In a similar realm, Lira’s project Exile – Ethnographic Expedition of Fiction (2012-2014) entangles history and imagination, the past/present/future of the struggles and resistance of Northeast, the destruction of Canudos and the gentrification that resulted from the regeneration projects undertaken in the name of the FIFA World Cup in 2014. Through Lira’s framing those conflicts can easily be related to other forced migrations and social exclusions around the world. Field trips to Canudos [2] and Juazeiro do Norte, documents found in public archives and the dialogue with artists, researches and curators resulted in a publication that blurs the borders between documentation and fiction.

Ícaro Lira, Project Exile, 2014. Credit Isadora Brant.

During our meeting at Delfina Foundation, Lira showed me some materials from and documentation of his latest work that was part of the current exhibition Meta Archive: 1964-1985 – space for listening and reading stories of the dictatorship, curated by Ana Pato, at SESC Belenzinho, in São Paulo. His contribution to the show brings attention to the history of Radical Criticism, a political group from the Northeastern city of Fortaleza. The group’s activities started at the end of the 1970s as a profound confrontation with capitalism and its members were also involved with the Women’s Movement for Amnesty and all the major demonstrations for democracy during the military dictatorship. After the return to democracy one of the group’s members, Maria Luiza, was elected as the first female mayor of Fortaleza. As in Lira’s other works, the story is told after intense research and interactions with the protagonists themselves. The narrative is the culmination of the gathering of many documents, vestiges and voices. The work comprises leaflets made by Radical Criticism, a video, posters and an audiotape with a collection of interviews broadcasted in TV and radio stations about diverse themes and sources such as the fire in the Museum of Modern Art of Rio de Janeiro (1978), a speech of the dictator General Ernesto Geisel (1978) at Bahia and a speech of Jair Bolsonaro just after his election (2018). I believe that, as usual, this work is an unfinished process, open for further additions and new twists. In fact, Lira’s method serves as a trigger; setting off procedures for unveiling traces, making visible (hi)stories and imagining new ways of mobilisation and resistance.

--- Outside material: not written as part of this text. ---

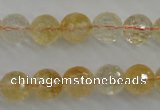 CCR156 15.5 inches 11mm faceted round natural citrine beads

Ícaro Lira, Meta Archive, 2019. Personal collection, Radical Criticism.

– Dr. Cristiana Tejo is an independent curator and art history researcher from Recife, based in Lisbon.

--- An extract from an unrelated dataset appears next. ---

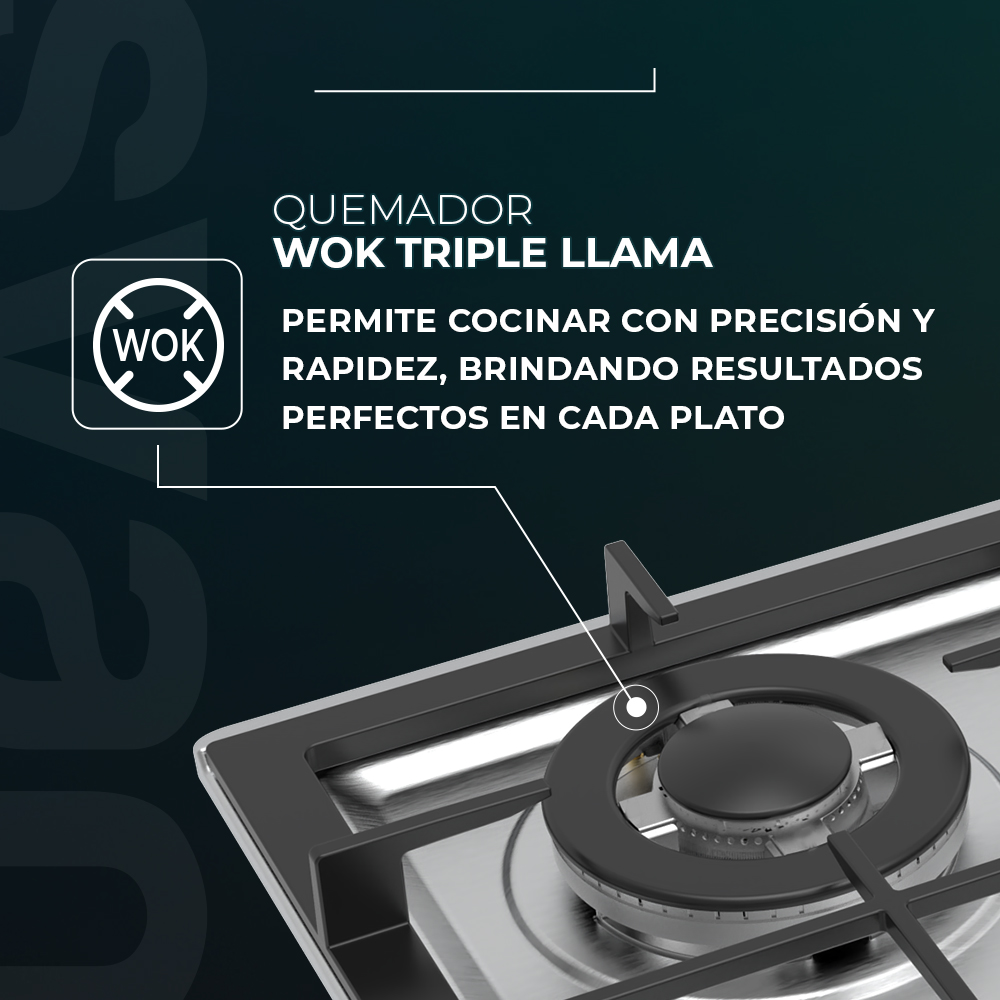 Primer plano de un quemador de estufa. El texto dice 'QUEMADOR WOK TRIPLE LLAMA'.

[1] The painting illustrates the controversial theory of “whitening” the Brazilian society, depicting three generations of a family that succeed in making their descendant whiter: a black grandmother, a mestizo daughter and a pale baby – the son of a European.

[2] The settlement of Canudos was established at the end of 19th century by a messianic leader called Antonio Conselheiro, in the backlands of Bahia. It was a community with more than 30,000 residents. After many unsuccessful attempts at military suppression, it came to a brutal end in October 1897, when the Brazilian army invaded the place and killed nearly all the inhabitants. The war of Canudos is considered the deadliest civil war in Brazilian history.